Testimony heard on proposed bill to ban forced annexation

Photo Supplied / Indiana Statehouse

INDIANAPOLIS, Ind. (WOWO) – A bill that would band involuntary annexation in Indiana was heard by the House Government and Regulatory Reform Committee on Wednesday.

The bill cracks down on cities that annex large sections of land to obtain the property tax revenue of the land. The controversial practice of forced annexation was addressed by the Indiana State Senate in 2015.

The Senate Bill 94 would further the efforts of the 2015 bill. It will require cities or towns to obtain signatures of at least 51 percent of landowners or more than 75 percent in assessed valuation of the land to annex it according to the Journal Gazette.

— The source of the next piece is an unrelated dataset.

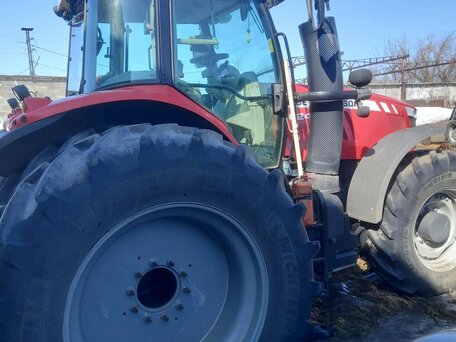 2017 Massey Ferguson MF 7624, красный, 16000000 рублей, вид 1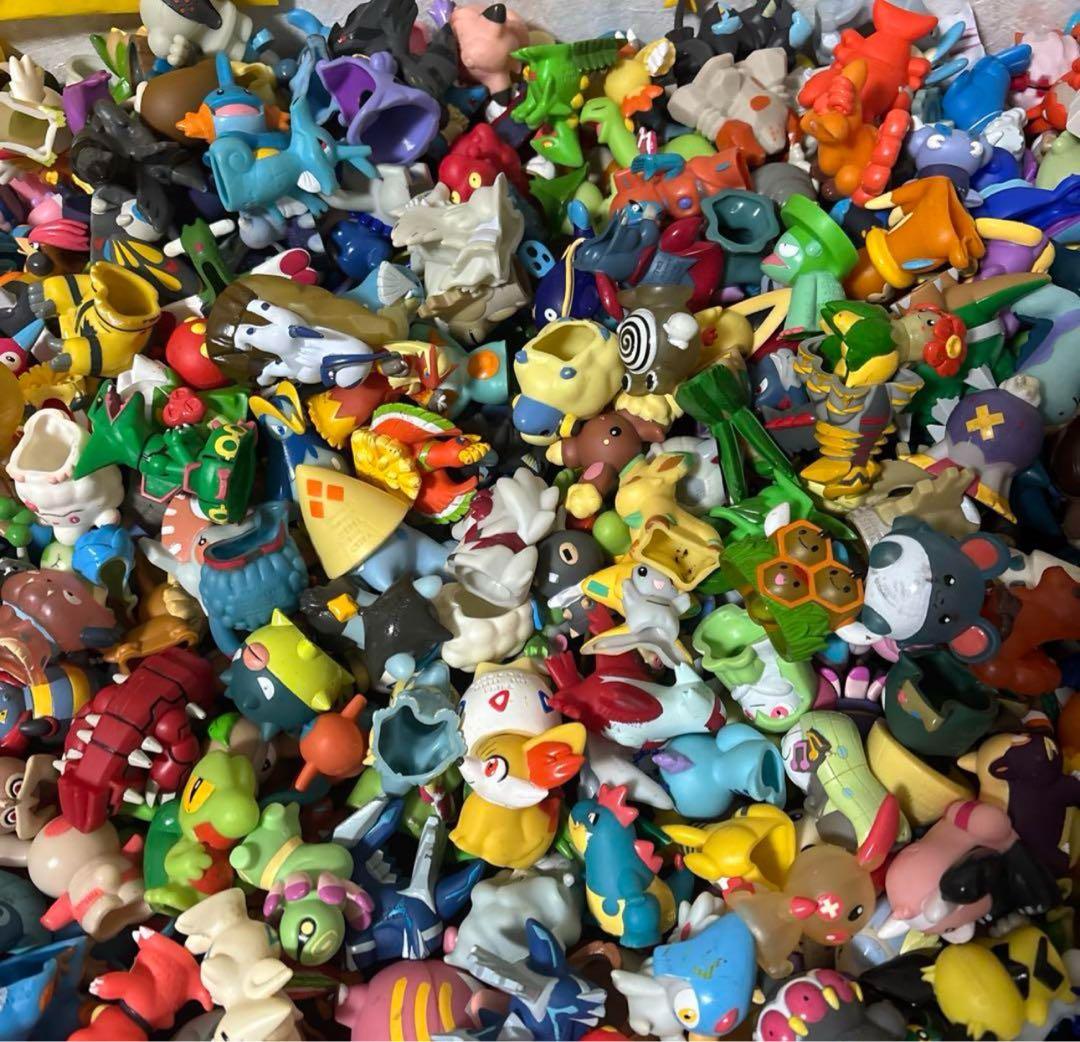 約1030匹　ポケモンキッズ　クリア　モンコレ　指人形　フィギュア　カントー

Currently citizens sign petitions to stop an annexation of their properties.  Presently 51 percent of landowners are needed to sign a petition to send it to court for review.  However, as long as there is a valid fiscal plan, the annexation can still be approved.  The new bill would eliminate that process. Also, currently, if 65 percent protest the annexation, the proposed annexation is dropped.

Bill 94 will also void any waivers that were signed by purchasers of land agreeing not to contest any future annexation of their property.

Republican Senator Phil Boots of Crawfordsville supports the legislation and says “what this represents is democracy.”  He mentions that citizens have fought annexations in the past successfully, however it cost them their legal fees.

Some feel that the bill passed in 2015 hasn’t had enough time to work and that it created a reasonable balance between the abilities of cities to grow and property owner’s rights.  Director of Intergovernmental Affairs for Fort Wayne, Stephanie Crandall, opposes the bill stating “How can cities grow when the tax revenue pie is preset and it becomes a zero sum game?”

Boots says the 2015 bill helped, but says cities and towns are still favored.